Charitable Institution is entitled to application of 15 per cent of gross receipts u/s 11(1)(a) without considering expenditure incurred or surplus available

In a recent judgment, ITAT Pune has held that Charitable Institution is entitled to application of 15 per cent of gross receipts u/s 11(1)(a) without considering expenditure incurred or surplus available.

ABCAUS Case Law Citation:
4833 (2025) (11) abcaus.in ITAT

In the instant case, the Revenue had challenged the order passed by the CIT(A) in allowing deduction under section 11(1)(a) of the Income Tax Act, 1961 (the Act) at 15% of the gross receipts whereas accumulation is permissible only out of the income remaining after application of income.

The respondent eassessee was a trust primarily engaged in educational activities. It filed its return of income declaring total loss at Rs.10.87 crores. 

The Assessing Officer completed the assessment u/s 143(3) of the Income Tax Act, 1961 (the Act) after making disallowance of depreciation.

Subsequently, the Assessing Officer noted that as per provisions of section 11 of the Act, the assessee is entitled to accumulate income u/s 11(1)(a) of the Act to the extent of 15% for future years, however, such accumulation is permissible only to the extent of availability of surplus. 

He noticed that in the case of assessee though the surplus available with the assessee was only Rs. 81 lakhs the accumulation u/s 11(1)(a) of the Act had been claimed by the assessee at Rs. 8 crores which was not as per law.  In view of the above, the Assessing Officer, invoking the provisions of section 147 of the Act, reopened the assessment. 

Accordingly notice u/s 148 of the Act was issued to the assessee and after considering the submissions filed by the assessee the Assessing Officer restricted the accumulation u/s 11(1)(a) of the Act to the extent of surplus available to the assessee after allowing the expenditure incurred.  Thus, the Assessing Officer determined the total income of the assessee at Nil.

The CIT(A) directed the Assessing Officer to allow the deduction u/s 11(1)(a) of the Act on 15% of the gross receipt of the trust and allowed the application of income after the remaining amount.

Before the Tribunal the AO submitted that while deciding the issue in favour of the assessee The CIT(A) had relied on the decision of the Pune Bench of the Tribunal which had not been accepted by the department and an appeal had been filed before the Hon’ble Bombay High Court which was still pending. 

On the other hand, the assessee submitted that the issue was decided by the CIT(A) by following the decisions of the Hon’ble Supreme Court and the decision of the Hon’ble Bombay High Court. 
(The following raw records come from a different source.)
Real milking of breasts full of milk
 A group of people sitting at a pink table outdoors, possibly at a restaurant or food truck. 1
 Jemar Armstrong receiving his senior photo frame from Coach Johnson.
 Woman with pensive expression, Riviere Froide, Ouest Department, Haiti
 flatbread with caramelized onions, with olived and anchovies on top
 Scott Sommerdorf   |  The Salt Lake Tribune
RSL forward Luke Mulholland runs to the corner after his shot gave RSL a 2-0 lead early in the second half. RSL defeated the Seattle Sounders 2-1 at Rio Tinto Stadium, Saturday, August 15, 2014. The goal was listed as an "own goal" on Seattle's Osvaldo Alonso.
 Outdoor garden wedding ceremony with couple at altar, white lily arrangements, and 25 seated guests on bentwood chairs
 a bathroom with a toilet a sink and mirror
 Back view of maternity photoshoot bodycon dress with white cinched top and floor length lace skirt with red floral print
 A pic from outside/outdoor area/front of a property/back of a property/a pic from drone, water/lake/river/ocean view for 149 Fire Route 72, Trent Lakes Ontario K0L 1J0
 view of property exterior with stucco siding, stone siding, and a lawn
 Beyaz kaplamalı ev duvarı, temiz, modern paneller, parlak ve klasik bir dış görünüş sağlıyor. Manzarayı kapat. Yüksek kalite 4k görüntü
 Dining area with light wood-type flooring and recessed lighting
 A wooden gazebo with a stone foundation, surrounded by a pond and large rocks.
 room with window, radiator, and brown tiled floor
The assessee further submitted that merely because the Revenue has filed an appeal against the order of the Tribunal, however, unless the order is reversed by the Hon’ble High Court, the view of the Tribunal shall prevail.  In any case, since the CIT(A) had also relied on the decision of the Pune Bench of the Tribunal which in turn had followed the decision of the Hon’ble Supreme Court.

The Tribunal observed that the Assessing Officer following the decision of the Mumbai Bench of the Tribunal restricted the exemption u/s 11(1)(a) on the ground that such exemption is available to the assessee only to the extent of surplus revenue after application of the expenditure. 

The Tribunal further observed that the CIT(A) had directed the Assessing Officer to allow the deduction u/s 11(1)(a) of the Act on 15% of the gross receipt of the trust and allow the application of income after the remaining amount. The CIT(A)  followed the decisions of the Pune Bench of the Tribunal which in turn had followed the decision of the Hon’ble Delhi High Court according to which the exemption u/s 11(1)(a) of the Act i.e. 15% is an absolute exemption and the application of section 11(2) of the Act does not extend to nullify the absolute exemption. Also, the Coordinate Bench while deciding the issue had also followed the decision of the Hon’ble Supreme Court.

The Tribunal opined that merely because the Revenue has not accepted the decision of the Pune Bench of the Tribunal and an appeal had been filed before the Hon’ble Bombay High Court, the same cannot be a ground to decide the issue in favour of the Revenue by taking a different view other than the view taken by the Tribunal. 

The Tribunal upheld that order of the CIT(A) directing the Assessing Officer to allow the deduction u/s 11(1)(a) of the Act on 15% of the gross receipt of the trust and allow the application of income after the remaining amount. 

As a result, the grounds raised by the Revenue were dismissed.